If we are content with the features that will be built, we can run deep feature synthesis and create the feature matrix. The following call runs the full deep feature synthesis. This might take a long time depending on your machine. featuretools does allow for parallel processing, but each core must be able to handle the entire entityset.  

In [35]:
import sys
print('Total size of entityset: {:.5f} gb.'.format(sys.getsizeof(es) / 1e9))

Total size of entityset: 11.64392 gb.


In [36]:
import psutil

print('Total number of cpus detected: {}.'.format(psutil.cpu_count()))
print('Total size of system memory: {:.5f} gb.'.format(psutil.virtual_memory().total / 1e9))

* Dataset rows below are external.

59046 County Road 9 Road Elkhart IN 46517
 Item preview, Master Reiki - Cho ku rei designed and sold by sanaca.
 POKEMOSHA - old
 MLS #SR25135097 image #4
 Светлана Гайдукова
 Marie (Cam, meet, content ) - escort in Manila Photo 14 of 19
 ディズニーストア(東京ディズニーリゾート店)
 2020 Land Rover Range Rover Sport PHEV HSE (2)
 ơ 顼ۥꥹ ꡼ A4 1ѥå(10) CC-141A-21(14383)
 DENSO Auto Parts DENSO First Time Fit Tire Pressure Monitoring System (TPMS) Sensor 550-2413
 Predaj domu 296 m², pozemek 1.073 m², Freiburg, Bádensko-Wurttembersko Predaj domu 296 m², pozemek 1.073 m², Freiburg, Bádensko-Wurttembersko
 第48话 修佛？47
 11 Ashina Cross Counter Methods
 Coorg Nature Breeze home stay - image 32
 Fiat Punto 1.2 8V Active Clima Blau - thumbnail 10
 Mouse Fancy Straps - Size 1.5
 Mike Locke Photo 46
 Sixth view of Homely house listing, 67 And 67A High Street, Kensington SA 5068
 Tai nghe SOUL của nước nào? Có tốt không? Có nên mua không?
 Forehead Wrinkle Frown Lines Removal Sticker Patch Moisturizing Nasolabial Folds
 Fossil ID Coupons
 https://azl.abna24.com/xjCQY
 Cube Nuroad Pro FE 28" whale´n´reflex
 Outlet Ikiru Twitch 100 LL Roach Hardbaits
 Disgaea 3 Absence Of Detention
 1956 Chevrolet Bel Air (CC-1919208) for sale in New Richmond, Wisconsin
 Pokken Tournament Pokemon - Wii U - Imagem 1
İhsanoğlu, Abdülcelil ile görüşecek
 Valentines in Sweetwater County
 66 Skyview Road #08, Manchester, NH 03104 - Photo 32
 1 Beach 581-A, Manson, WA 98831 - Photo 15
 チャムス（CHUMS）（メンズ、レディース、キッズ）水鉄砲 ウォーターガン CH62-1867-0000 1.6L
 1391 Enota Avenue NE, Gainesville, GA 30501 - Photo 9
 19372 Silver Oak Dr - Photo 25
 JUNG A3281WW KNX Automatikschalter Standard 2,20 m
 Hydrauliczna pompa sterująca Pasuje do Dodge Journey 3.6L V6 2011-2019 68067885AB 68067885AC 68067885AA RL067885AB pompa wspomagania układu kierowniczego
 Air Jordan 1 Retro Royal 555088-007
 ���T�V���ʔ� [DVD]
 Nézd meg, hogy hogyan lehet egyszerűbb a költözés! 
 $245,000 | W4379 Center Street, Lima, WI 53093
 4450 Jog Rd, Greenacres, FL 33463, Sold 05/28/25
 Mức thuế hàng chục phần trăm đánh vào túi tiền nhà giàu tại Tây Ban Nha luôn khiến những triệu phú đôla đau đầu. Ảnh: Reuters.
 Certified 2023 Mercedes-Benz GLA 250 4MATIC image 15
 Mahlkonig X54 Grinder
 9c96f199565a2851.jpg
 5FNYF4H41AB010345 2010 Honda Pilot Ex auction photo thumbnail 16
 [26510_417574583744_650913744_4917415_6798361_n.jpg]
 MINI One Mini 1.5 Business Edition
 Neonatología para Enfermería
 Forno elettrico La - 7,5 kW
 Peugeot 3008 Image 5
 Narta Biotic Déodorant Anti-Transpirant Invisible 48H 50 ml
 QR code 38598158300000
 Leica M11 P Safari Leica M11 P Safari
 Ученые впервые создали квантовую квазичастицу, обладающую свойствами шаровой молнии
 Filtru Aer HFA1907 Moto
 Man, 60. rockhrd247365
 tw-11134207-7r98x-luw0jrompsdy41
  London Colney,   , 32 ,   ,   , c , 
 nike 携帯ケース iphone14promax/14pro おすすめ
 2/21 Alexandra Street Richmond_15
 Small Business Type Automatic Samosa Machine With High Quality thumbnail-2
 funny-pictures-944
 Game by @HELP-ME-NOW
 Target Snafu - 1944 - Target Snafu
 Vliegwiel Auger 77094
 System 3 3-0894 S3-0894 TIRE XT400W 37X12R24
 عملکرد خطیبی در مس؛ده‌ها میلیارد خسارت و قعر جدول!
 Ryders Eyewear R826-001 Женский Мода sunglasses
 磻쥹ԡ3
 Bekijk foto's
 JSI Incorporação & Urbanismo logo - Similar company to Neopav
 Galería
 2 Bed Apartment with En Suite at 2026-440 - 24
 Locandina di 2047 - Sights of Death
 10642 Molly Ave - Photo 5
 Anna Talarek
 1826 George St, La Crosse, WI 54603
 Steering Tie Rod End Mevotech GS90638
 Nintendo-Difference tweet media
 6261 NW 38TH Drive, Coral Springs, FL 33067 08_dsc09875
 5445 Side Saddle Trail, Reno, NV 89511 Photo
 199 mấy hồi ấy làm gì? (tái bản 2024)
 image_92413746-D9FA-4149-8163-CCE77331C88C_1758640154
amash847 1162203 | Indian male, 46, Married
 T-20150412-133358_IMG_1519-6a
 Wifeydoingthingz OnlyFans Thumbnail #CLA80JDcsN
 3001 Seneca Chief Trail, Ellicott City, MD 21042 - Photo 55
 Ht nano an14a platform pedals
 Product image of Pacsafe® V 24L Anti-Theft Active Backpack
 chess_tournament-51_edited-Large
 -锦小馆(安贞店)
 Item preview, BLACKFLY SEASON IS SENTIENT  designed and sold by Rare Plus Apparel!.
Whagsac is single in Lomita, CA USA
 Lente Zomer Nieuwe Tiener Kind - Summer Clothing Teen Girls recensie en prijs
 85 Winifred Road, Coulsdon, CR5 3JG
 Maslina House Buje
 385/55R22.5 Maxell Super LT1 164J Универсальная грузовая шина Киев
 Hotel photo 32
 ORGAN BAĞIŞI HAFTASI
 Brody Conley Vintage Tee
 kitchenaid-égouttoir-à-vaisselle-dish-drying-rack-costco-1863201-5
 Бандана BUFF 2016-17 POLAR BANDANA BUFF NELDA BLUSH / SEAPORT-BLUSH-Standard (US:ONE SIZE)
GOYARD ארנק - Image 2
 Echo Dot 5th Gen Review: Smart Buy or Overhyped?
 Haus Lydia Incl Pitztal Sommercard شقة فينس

Total number of cpus detected: 8.
Total size of system memory: 17.17987 gb.


In [37]:
# feature_matrix, feature_names = ft.dfs(entityset=es, target_entity='app',
#                                        agg_primitives = agg_primitives,
#                                        trans_primitives = trans_primitives,
#                                        seed_features = seed_features,
#                                         where_features = where_features,
#                                        n_jobs = 1, verbose = 1, features_only = False,
#                                        max_depth = 2, chunk_size = 100)

In [38]:
# feature_matrix.reset_index(inplace = True)
# feature_matrix.to_csv('../../data/kaggle_home_credit/feature_matrix.csv', index = False)

# Conclusions

In this notebook, we saw how to implement automated feature engineering for a data science problem. Automated feature engineering allows us to create thousands of new features from a set of related data tables, aiding us immensely as data scientists. Moreover, we can still use domain knowledge in our features and even augment our domain knowledge by building on top of our own hand-built features. The benefits of automated feature engineering are significant and will considerably help us in our role as data scientists.